W3C is on the brink of irrelevancy, because if it works on Chromium, why bother with the others? if W3C cannot enforce the standard.
> Chromium is so mainstream that developers think developing for other browsers is irrelevant, even putting notices of deprecation for Safari and Firefox.
Hugging Face's spaces does this, throwing banners saying it only supports Chrome. Makes me throw up a little bit every time I have to switch over.
i kind of agree - although all of this does end up indirectly benefitting google. while the project is open source, they're the ones maintaining the project, and believing that they won't do anything they think they can get away with to grow their power and influence is extremely naive.
if safari dies, firefox won't be far behind, and by then there's no way a fork of chromium will be able to "keep up" when google starts pushing chrome-only features, killing ad-blockers etc etc etc
(not sure if any of this matters, though. will there even be any real people left on the web in a 5 years?)
How has chrome abused there'd position? Generally from what I've seen most of their standards are sane and improve the web.
I was told they were breaking adblockers, using ublock lite which complies with the changes I don't notice a difference. And even this change I could have switched browsers it didn't break the web.
There's some pwa features only they support, and that's a feature I think could actually benefit me.
Chromium is in such position that their implementation of new elements and APIs set the de-facto standard for the Web and Safari and Firefox have to follow suit.
This overpowers the governing body (W3C), where they have to accept it and pretend they remain relevant.
A bit of history: When Internet Explorer was the dominant browser of the Internet, other browsers existed and their usage was in healthy proportion, among each other. People could choose whatever browser they wanted and be sure its browser engine was independent.

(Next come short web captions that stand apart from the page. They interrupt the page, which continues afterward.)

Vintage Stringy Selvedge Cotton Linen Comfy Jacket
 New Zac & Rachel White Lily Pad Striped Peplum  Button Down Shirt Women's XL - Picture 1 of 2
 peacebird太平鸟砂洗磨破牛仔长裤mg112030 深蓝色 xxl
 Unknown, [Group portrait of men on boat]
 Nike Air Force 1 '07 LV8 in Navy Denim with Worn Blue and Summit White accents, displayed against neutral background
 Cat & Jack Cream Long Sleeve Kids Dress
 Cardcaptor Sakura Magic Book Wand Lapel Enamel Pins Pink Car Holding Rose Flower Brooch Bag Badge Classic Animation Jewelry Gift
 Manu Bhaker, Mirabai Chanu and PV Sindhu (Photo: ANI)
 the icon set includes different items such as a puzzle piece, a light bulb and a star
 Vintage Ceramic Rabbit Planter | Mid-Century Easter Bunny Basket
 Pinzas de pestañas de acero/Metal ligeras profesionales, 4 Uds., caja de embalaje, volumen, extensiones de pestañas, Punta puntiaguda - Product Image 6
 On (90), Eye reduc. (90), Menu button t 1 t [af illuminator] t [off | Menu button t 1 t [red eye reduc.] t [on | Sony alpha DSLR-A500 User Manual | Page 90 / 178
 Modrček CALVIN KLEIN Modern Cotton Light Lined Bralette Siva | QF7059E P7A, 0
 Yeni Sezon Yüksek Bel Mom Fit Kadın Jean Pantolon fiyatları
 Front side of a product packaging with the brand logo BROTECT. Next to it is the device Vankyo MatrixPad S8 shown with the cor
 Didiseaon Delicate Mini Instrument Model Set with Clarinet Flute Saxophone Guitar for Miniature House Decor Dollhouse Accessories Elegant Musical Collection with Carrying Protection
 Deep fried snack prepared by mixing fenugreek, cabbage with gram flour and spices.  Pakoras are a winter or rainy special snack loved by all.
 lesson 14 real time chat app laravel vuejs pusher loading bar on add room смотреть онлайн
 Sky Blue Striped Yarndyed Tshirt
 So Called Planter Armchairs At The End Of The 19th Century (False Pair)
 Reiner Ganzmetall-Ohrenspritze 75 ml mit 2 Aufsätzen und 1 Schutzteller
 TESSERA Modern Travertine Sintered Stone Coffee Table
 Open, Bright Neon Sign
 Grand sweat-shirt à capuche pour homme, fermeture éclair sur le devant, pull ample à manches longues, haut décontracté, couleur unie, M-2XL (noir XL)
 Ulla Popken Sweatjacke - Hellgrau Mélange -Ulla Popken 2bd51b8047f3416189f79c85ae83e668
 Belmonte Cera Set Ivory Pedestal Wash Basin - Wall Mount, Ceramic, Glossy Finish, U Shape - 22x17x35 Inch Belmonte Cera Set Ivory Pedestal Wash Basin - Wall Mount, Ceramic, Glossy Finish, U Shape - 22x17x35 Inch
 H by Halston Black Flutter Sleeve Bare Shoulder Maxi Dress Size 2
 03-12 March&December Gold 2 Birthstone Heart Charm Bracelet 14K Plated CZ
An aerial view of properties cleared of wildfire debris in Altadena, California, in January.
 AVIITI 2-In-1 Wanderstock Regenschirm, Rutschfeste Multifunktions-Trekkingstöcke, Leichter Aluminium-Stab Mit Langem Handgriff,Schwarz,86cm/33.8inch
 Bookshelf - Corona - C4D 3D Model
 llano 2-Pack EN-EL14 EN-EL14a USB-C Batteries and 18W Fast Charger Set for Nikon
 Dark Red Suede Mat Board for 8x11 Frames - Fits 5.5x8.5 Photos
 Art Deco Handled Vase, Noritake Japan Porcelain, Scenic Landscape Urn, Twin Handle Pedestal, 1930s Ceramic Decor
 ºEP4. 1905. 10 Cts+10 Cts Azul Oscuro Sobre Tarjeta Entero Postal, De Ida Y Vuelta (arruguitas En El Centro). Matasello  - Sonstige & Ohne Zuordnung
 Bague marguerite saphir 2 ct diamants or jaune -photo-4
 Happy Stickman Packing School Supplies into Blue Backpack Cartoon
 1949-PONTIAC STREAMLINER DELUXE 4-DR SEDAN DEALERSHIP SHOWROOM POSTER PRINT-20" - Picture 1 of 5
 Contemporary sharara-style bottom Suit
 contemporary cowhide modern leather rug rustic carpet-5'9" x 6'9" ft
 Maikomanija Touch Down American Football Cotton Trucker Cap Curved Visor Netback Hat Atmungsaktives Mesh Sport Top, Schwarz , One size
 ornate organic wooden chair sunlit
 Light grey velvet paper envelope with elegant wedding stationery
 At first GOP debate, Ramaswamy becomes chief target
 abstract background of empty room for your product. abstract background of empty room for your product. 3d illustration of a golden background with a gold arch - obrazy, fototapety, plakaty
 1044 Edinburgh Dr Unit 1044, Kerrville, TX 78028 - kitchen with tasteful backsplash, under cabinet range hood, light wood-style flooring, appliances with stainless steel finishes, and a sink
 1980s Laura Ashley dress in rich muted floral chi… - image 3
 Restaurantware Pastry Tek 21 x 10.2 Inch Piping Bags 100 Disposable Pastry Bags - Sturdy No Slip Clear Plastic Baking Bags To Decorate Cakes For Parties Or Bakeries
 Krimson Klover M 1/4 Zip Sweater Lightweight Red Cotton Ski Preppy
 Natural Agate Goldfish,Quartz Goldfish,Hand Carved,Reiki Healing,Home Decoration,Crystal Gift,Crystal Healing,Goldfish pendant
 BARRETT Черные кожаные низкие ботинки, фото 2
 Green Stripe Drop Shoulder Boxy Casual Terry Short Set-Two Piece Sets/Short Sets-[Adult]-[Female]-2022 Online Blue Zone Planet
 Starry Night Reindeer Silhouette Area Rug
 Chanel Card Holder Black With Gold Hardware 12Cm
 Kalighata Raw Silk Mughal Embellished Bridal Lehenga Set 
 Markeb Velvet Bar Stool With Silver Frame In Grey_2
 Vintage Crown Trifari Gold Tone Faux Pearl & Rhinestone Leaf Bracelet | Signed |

When Chromium/Chrome came in 2008, it changed the game to what we have today: 85% Chromium-based browsers, 8%-10% Safari/WebKit and 2%-3% Gecko-based browsers (Firefox)
Whatever Chromium does, others have to follow suit. The bulk of the userbase is there (unfortunately). No real choice exists for a governing body to effectively apply standards.
The ability to contribute and the rights granted by the license are two separate issues. Google isn't obligated to accept and is more than likely to reject patches that don't align with its incentives (reversal of recent anti-adblock changes, removal of telemetry/spyware, etc.)